Lisa Ann Walter got emotional talking about Lindsay Lohan’s success after the two recently crossed paths at the Disney Upfront presentation, saying, “I’m going to cry.” Walter said the reunion with her former The Parent Trap costar felt “magic,” and added that she is “so proud of the woman she's become and how happy she is.”
Walter said she does not see Lohan often because the actress lives most of the year in Dubai, has a husband and a baby, and stays busy. “We talk sometimes on social media,” Walter said, describing the reunion as a reminder of how far Lohan has come since the pair worked together in Disney’s 1998 reimagining of The Parent Trap, where Walter played Chessy and Lohan played the twin girls.

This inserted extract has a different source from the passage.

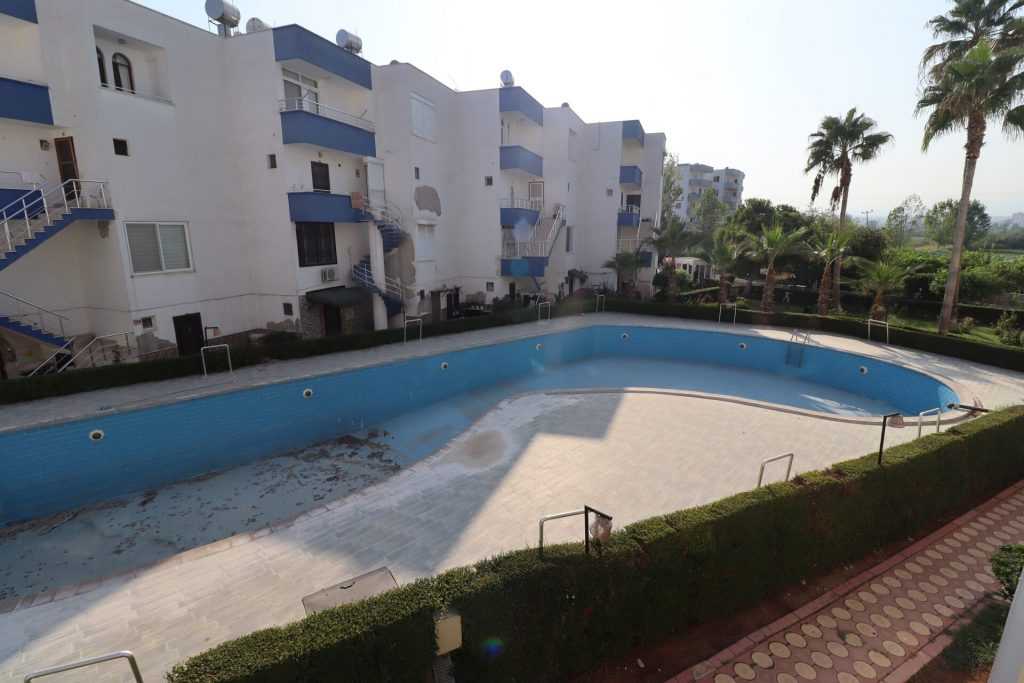 ÇEŞMELİ ADAKOĞLU SİTESİ EŞYALI SATILIK 2+1 DAİRE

The moment carried extra weight because it came as Lohan’s comeback keeps widening. She restarted her life in Dubai before returning to film work in three Netflix movies — Falling for Christmas, Irish Wish and Our Little Secret — and has also taken on a role in Hulu’s adaptation of the novel Count My Lies, alongside Kit Harington and Shailene Woodley. Walter said Lohan gave her an update on what is coming next and that one of those projects looks promising. “She's doing a show which, by the way, looks really good,” Walter said. “Janelle James and I both saw the little promo for it and went ‘Oh, that's good.’”
That praise fits the picture others around Lohan have described in recent months. Jamie Lee Curtis said in a cover story last year that Lohan moved to Dubai to find a calm and quiet place, away from the pace of New York and Los Angeles, and said the move impressed her. Elaine Hendrix, who reunited with Lohan for a Freakier Friday cameo, said Lohan now has a “full” life and that they are staying in touch more than they have before.
Walter has been part of the growing chatter about a possible The Parent Trap sequel, too. At the 2025 Emmys, she and Hendrix said a sequel was potentially in the works after Lohan had called Disney to help get the idea off the ground, according to Walter and Hendrix. Walter also said she saw Lohan at the Freakier Friday movie premiere last summer, another sign that the bond from 1998 has not disappeared, even as Lohan’s life has changed completely.
For Walter, the point was less nostalgia than admiration. “It was magic to see her. I'm going to cry!” she said. In a year when Lohan’s comeback has moved from curiosity to momentum, that may be the clearest measure of where she stands now: not as a former child star looking back, but as a working actress with a family, a base in Dubai and a next chapter already in motion.